ACE inhibitor-induced angioedema is one of the most common causes for emergency treatment of angioedema; it occurs in approximately 0.1–6% of individuals using ACE inhibitors and tends to occur more commonly in ACE inhibitor users who are female, smokers, or of African-American descent [9]. Like HAE and AAE, ACE inhibitor–induced angioedema is bradykinin-mediated. Most cases of angioedema occur in the first week after starting ACE inhibitor therapy. However, up to one-third of cases occur months to years after initiating the medication [10]. ACE inhibitor-induced angioedema can be life-threatening when it involves the upper airway. Therefore, ACE inhibitors should be discontinued in all individuals with angioedema without urticaria and are absolutely contraindicated in patients with either HAE or AAE. Episodes of angioedema may occur up to 1 month (or sometimes more) after discontinuing the ACE inhibitor. Angiotensin receptor blockers (ARBs) typically do not promote bradykinin accumulation and, therefore, are not contraindicated in these patients and can be used if indicated.

Diagnosis

The diagnosis of HAE and AAE is based on a suggestive clinical history, and there is significant overlap in their clinical presentation. The angioedema may present in the face, extremities, abdomen and other organ systems, with the concern of laryngeal edema and asphyxiation. The most common presentation is that of recurrent angioedema in the absence of associated urticaria resulting in impairment in QoL with discomfort, immobility and disfigurement, and the inability to attend work or school [11, 12].

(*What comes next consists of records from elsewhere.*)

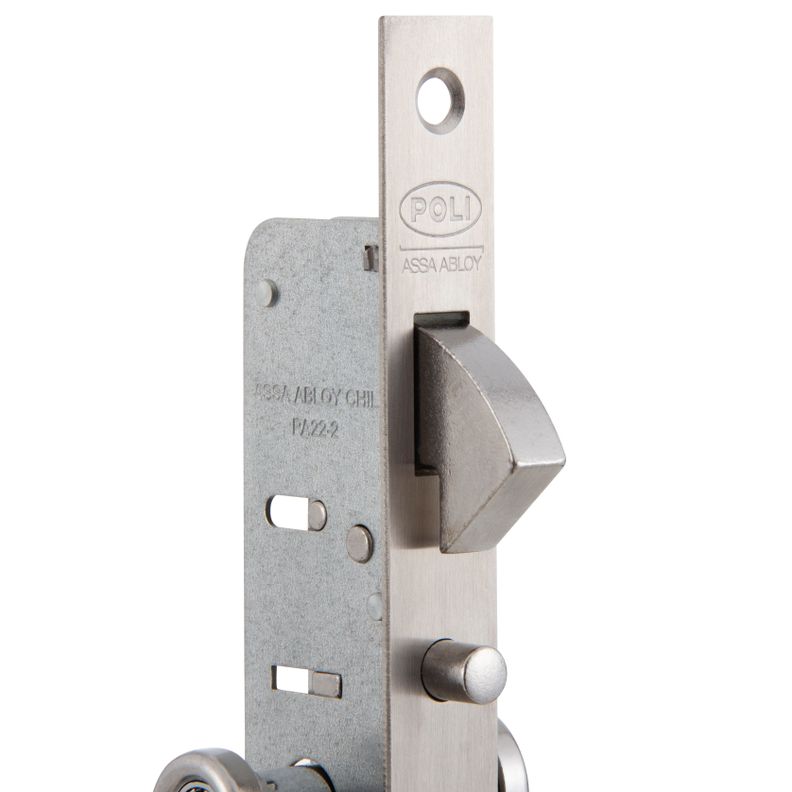 Cerradura Embutida POLI Puerta Corredera Cromado-4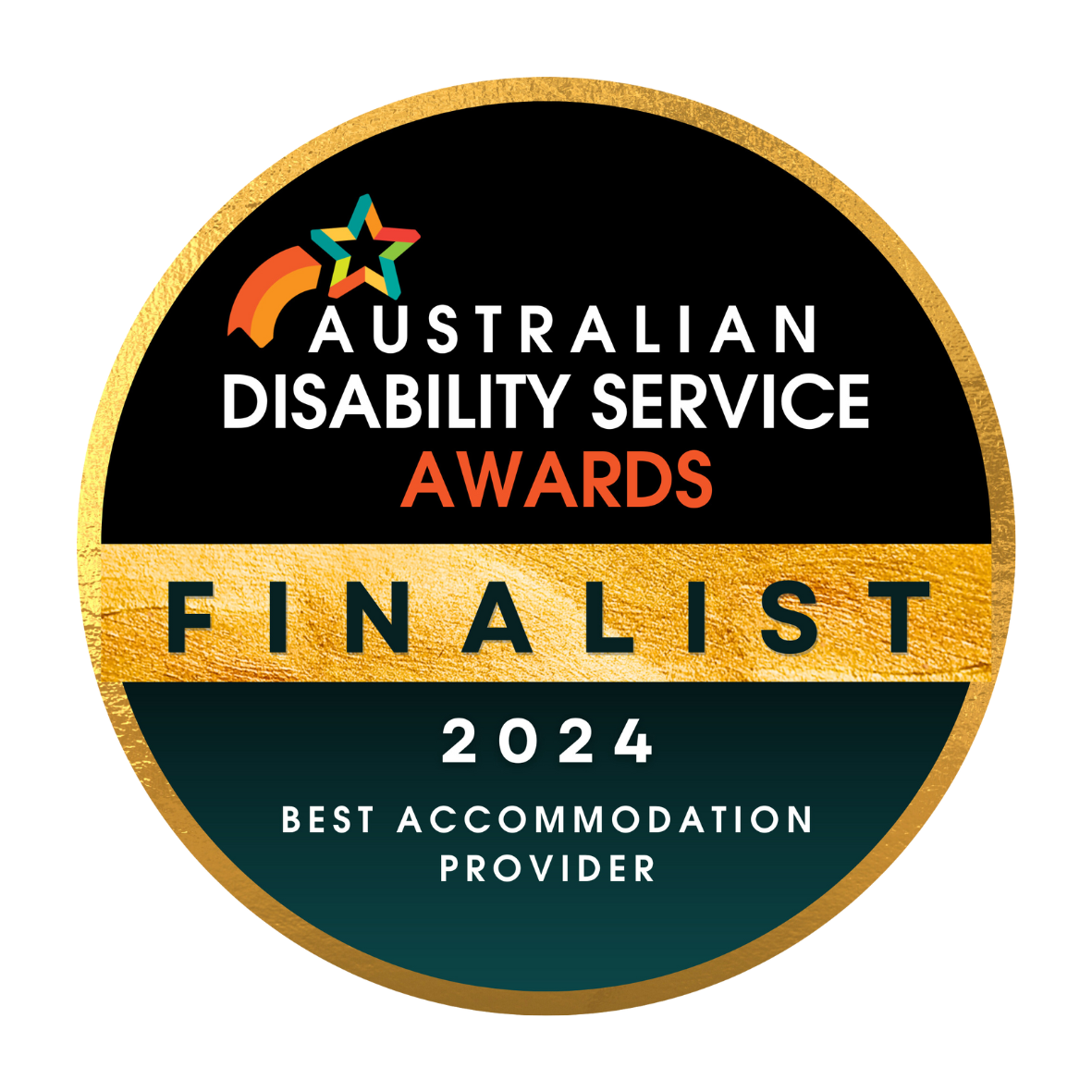 Real Community Services (RCS) was nominated as runner up for Best Accommodation Provider and worker Dylan Hensch was awarded the winner of the Most Outstanding Support Worker award at the 2024 Australian Disability Services Awards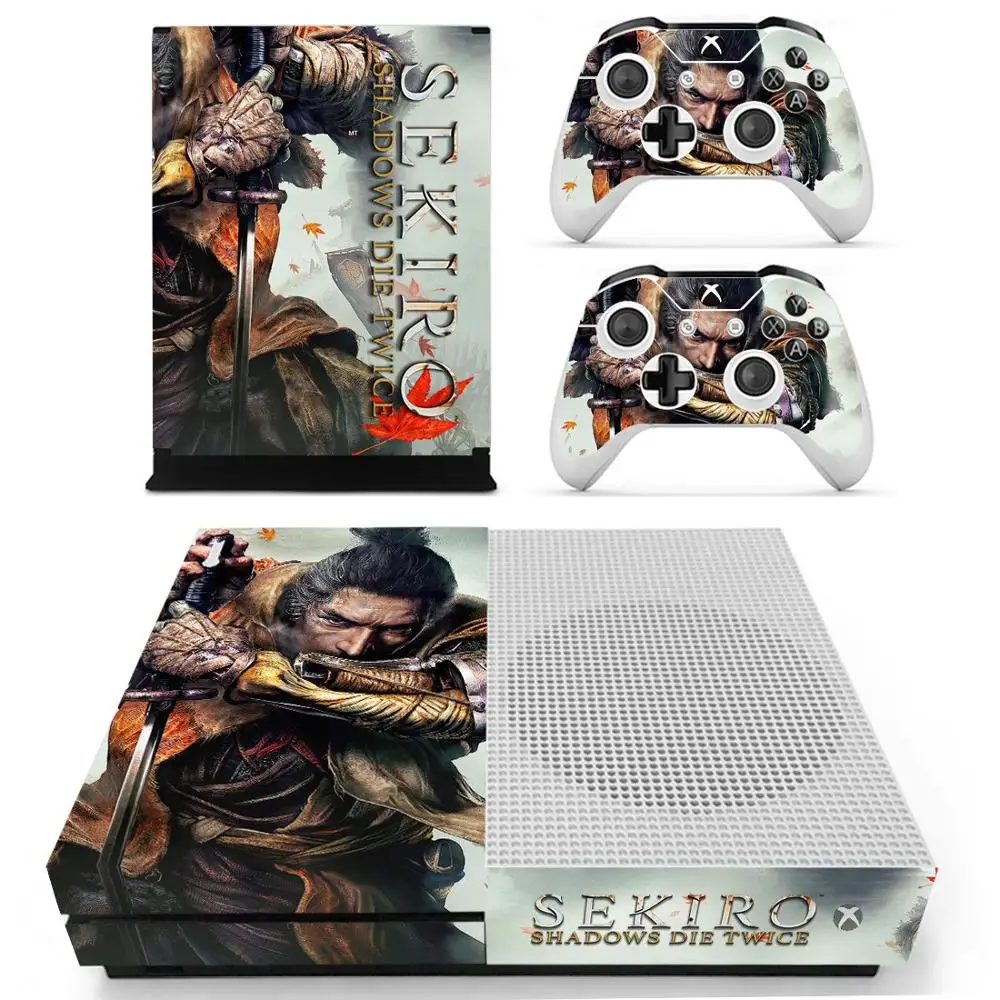 YS-xboxoneS-1649 SEKIRO: Тени высечки дважды наклейка s для Xbox One S кожа виниловые наклейки стикер для Xbox one тонкая консоль и два контроллера шкуры - Цвет: YS-xboxoneS-1649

Abdominal attacks occur in up to 93% of patients with HAE [13]. These attacks can present with mild to severe spasmodic pain, and may be associated with gastrointestinal upset and even intestinal obstruction as well as ascites; hypovolemic shock may result from the extravasation of fluids. The attacks can often be confused with appendicitis or cholecystitis, resulting in unnecessary surgical interventions, and even psychiatric referrals.

Laryngeal attacks with respiratory impairment and the risk of asphyxiation are the most feared complications of these attacks, as these patients may require intubation and even tracheotomies. It is estimated that up to 50% of HAE patients will experience at least 1 laryngeal episode within their lifetime [14].

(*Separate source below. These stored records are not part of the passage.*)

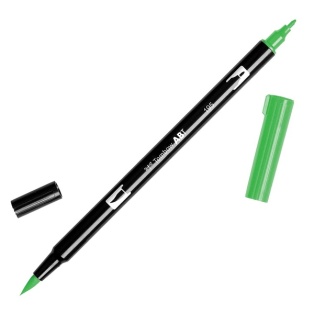 Kalligraafiline marker pintsel-pliiats Tombow 195, topelt ots, light green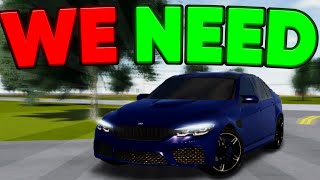 CARS THAT SHOULD COME TO Greenville Roblox!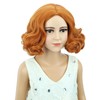 Ginger Wig Short Ginger Wavy Curly Wig for Halloween Cosplay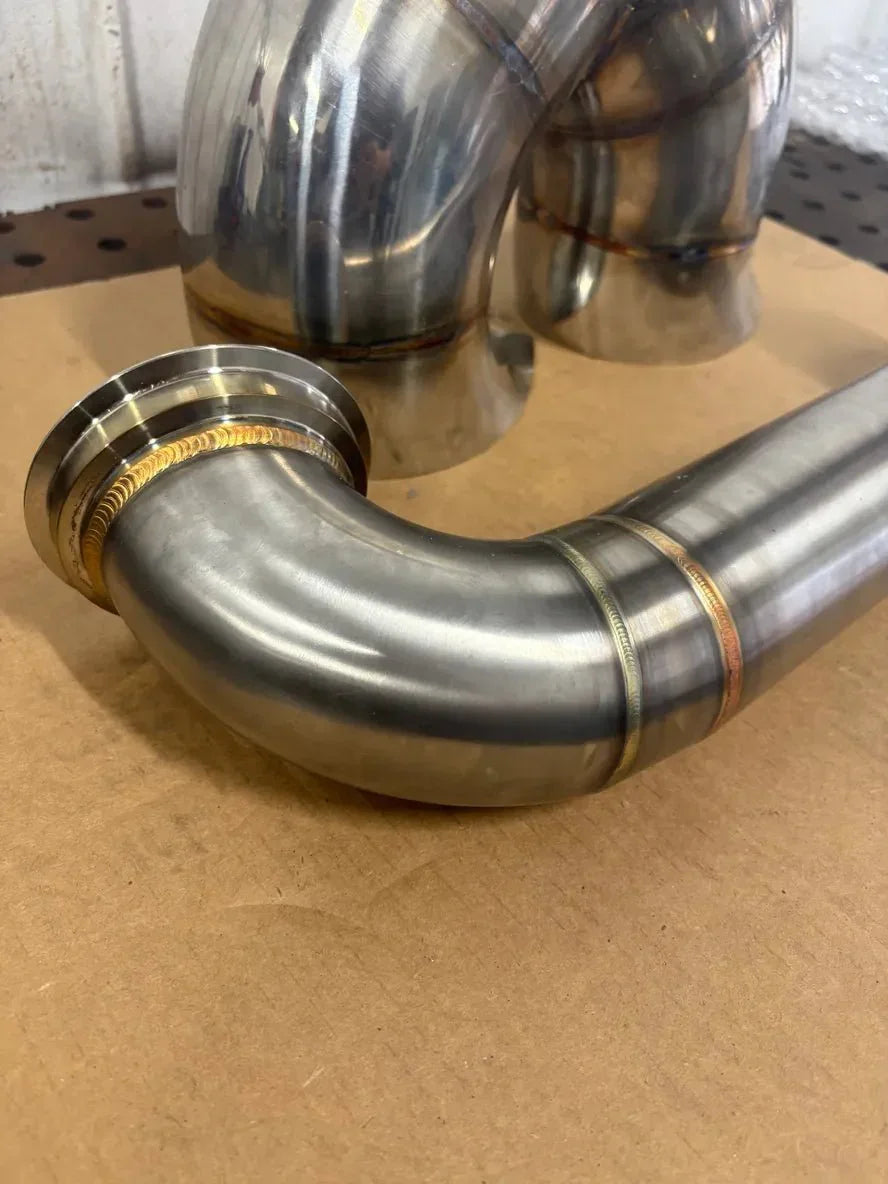 6.0 Powerstroke Hood Stack Pipe - TRUBLU FAB SHOP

Complement studies that should be ordered for patients with suspected HAE and AAE include levels of C4 (the natural substrate for C1), C1q, C1-INH antigen, and function of C1-INH (Table 2) [7]. Ideally, these studies should be performed when the patient is not receiving treatment since the use of therapeutic interventions for AAE or HAE can alter laboratory results. Also, the sensitivity of these tests increases when performed during an active angioedema attack [1]. If clinical suspicion of HAE is high based on the initial testing, these tests should be repeated to help confirm the diagnosis. All offspring and first-degree relatives of patients with HAE should be considered to have HAE until proven otherwise and should be screened [7]. Patients with AAE should be evaluated for an underlying B-cell lymphoproliferative disorder or other hematologic or autoimmune condition at the time of diagnosis [8].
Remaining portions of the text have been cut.